Field	Type	Description
`provider`	string	Native endpoint only. `lmstudio` (default), `openai`, `gemini`, or `vertex`. (OpenAI-compat encodes this in `model`.)
`model`	string	Embedding model id, e.g. `nomic-embed-text-v1.5`, `bge-m3`. OpenAI-compat: `provider/model`.
`input`	string \| string[]	One string or an array (up to 2048) of strings to embed.
`dimensions`	integer	Optional. Output dimensionality for models that support truncation (Matryoshka).
`encodingFormat` / `encoding_format`	string	`float` (default) or `base64` (little-endian float32).

Providers & residency

Local LM Studio is the default. It runs on EU premises and nothing leaves your infrastructure. External providers are opt-in when you want a specific model: pick one per request with provider and model.

Provider	Where it runs	Residency
`lmstudio` (default)	Local, your premises	EU-only. No transfer, no sub-processor.
`vertex`	Google Vertex AI	EU-pinned (`europe-west1`).
`openai`	OpenAI	US, under the Data Privacy Framework.
`gemini`	Google Gemini API	Global, not EU-pinned.

Embeddings are personal data, so sending a corpus to a US provider is a heavier transfer than a single chat prompt: you usually embed a whole document set, not one message. For residency-sensitive data, prefer local LM Studio or EU-pinned Vertex.

Privacy & data residency

The embeddings path runs on local inference (LM Studio) on EU premises — no third-country transfer, no sub-processor.
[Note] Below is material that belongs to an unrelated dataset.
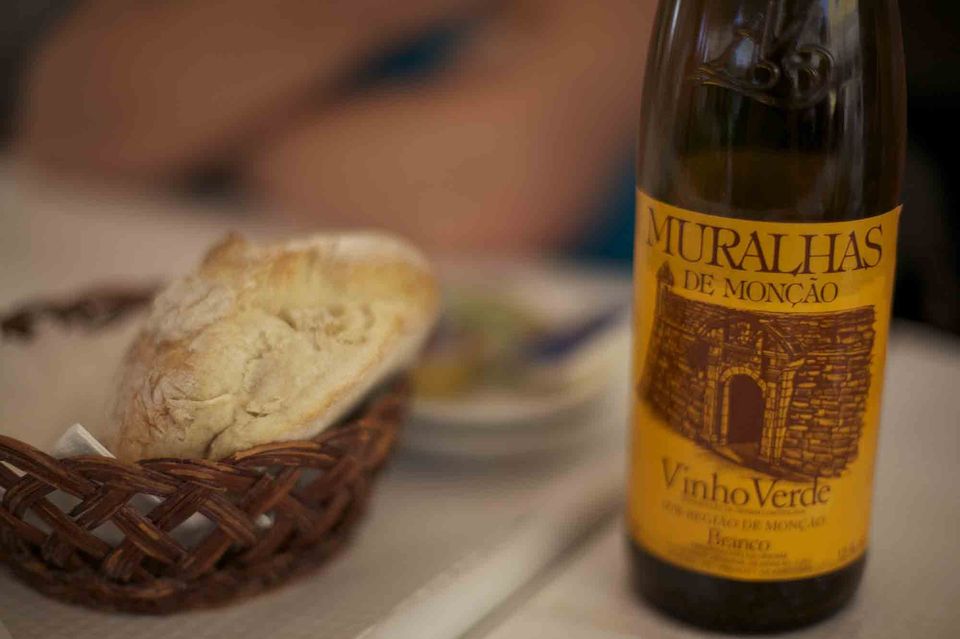Portuguese bread with a bottle of Muralhas de Monção vinho verde wine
Input text is processed in memory for the duration of the request and never written to disk or database. Embeddings are returned to you and not retained: your application is the sole store of record for the vectors and the documents they came from.

Embeddings derived from personal data are themselves personal data. Keeping them on your own infrastructure (e.g. pgvector, sqlite-vec) keeps you in control of access, retention, and erasure.